I particularly want to acknowledge those athletes who come from my electorate—particularly Greg Smith, who was in the Australian wheelchair rugby team, the Steelers. He is a local athlete who is from Buninyong in my electorate. He was part of the team who won 66-51 against Canada to take gold. The Steelers well and truly dominated the match to see Australia when its first-ever gold medal in wheelchair rugby. The Canadian team put up a good fight, but the Steelers were too strong and they won every quarter. Greg Smith even finished the game with the last point on the buzzer. Greg was the Australian flag-bearer at the opening ceremony, and he previously won three gold medals in the 2000 games in the 800 metres, the 1,500 metres and the 5,000 metres. He has now won a fourth gold medal in his fifth and final Paralympics. He acquired a disability at the age of 19 in a fairly terrible car crash and, for me, he is not only someone who shows incredible toughness but he is also someone who has championed the cause for people with disabilities.
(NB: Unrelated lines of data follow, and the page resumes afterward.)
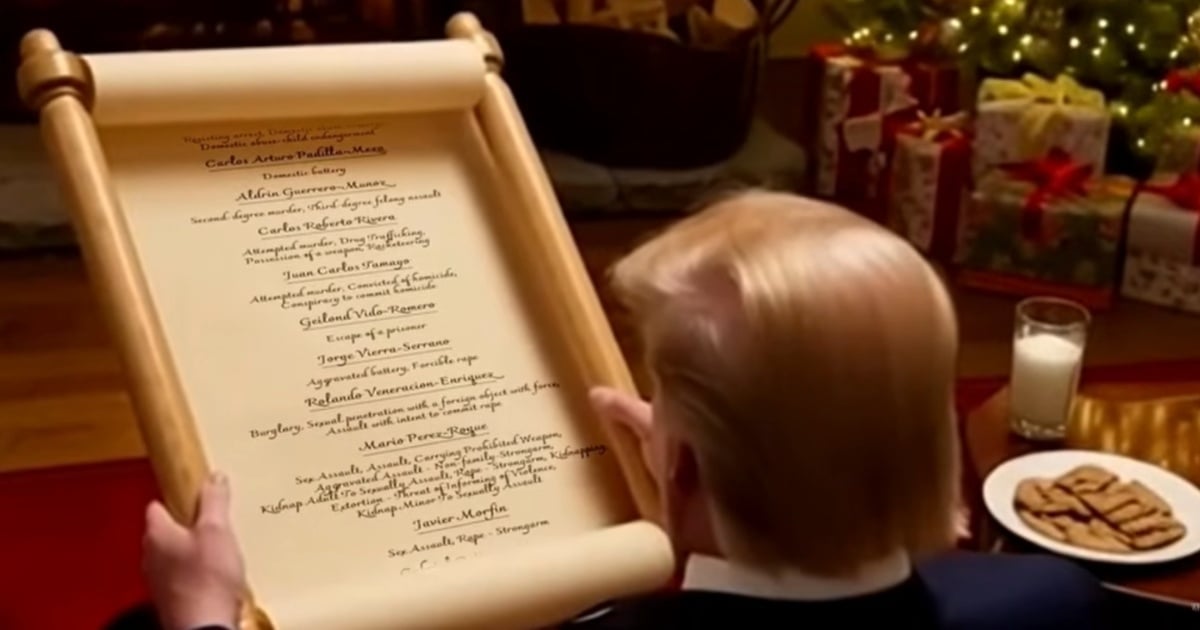 Trump's Controversial Christmas Video Targets Undocumented Immigrants: "No Coal, Only Deportation"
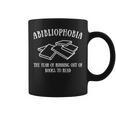Reader Bibliophobia The Fear Of Running Out Of Books To Read Graphic Print Coffee Mug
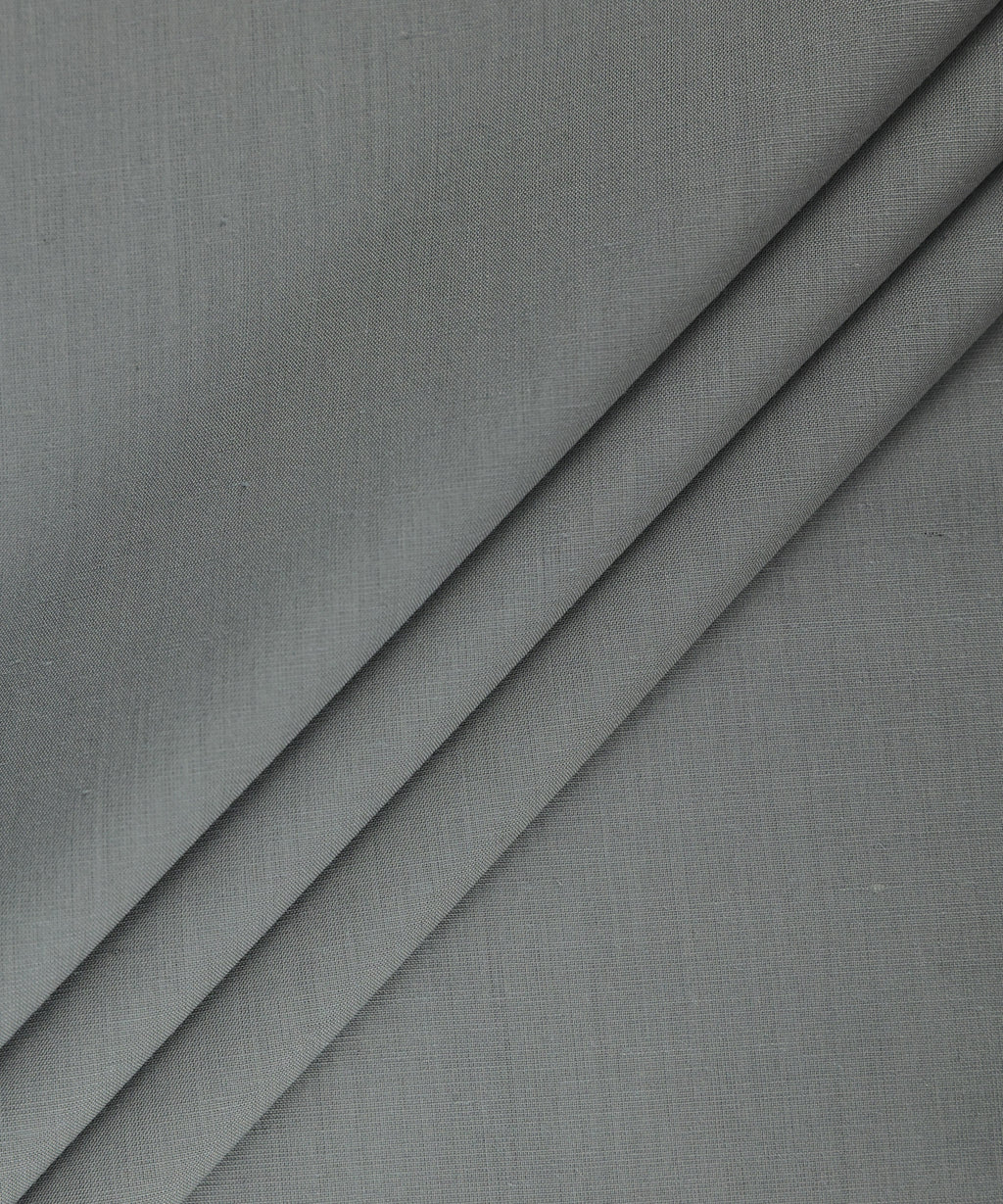 Men Unstitched Viscose Grey Full Suit Fabric 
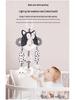 Happy Monkey Black & White Baby Rattle and Stroller Wind Chime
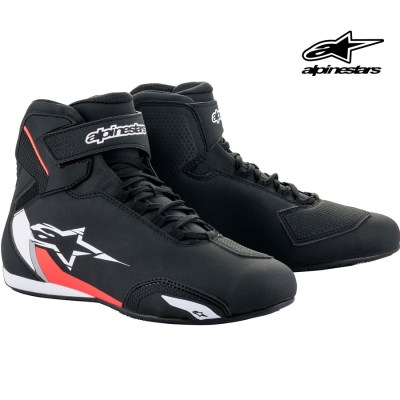 ALPINESTARS Sektor Shoes (Black White Red Fluorescent)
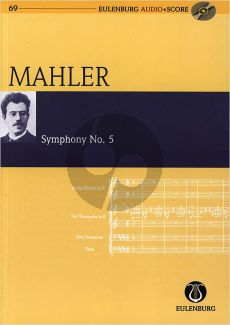 Mahler Symphony No.5 Study Score with Audio CD (Eulenburg)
I am very much looking forward to the civic reception that will be held in Ballarat on 27 September for Ballarat Olympians, but also for our Paralympic competitors. I know a number of the athletes who are attending, including Jared Tallent, race walking; Collis Birmingham, athletics; James Marsburg, rowing; Anthony Edwards, also rowing; Tamsin Hinchley, beach volleyball; and of course, Greg Smith. I am very excited to be able to be part of that civic reception to welcome them home. I know that the people of Ballarat are very, very proud of those athletes.

The government has committed quite a bit of money of late to funding for elite athletes and particularly for the Paralympics. It is my hope, certainly, that that strong commitment continues and also continues to highlight the real importance of the role that these people are going to play within our community as great advocates for people with disabilities.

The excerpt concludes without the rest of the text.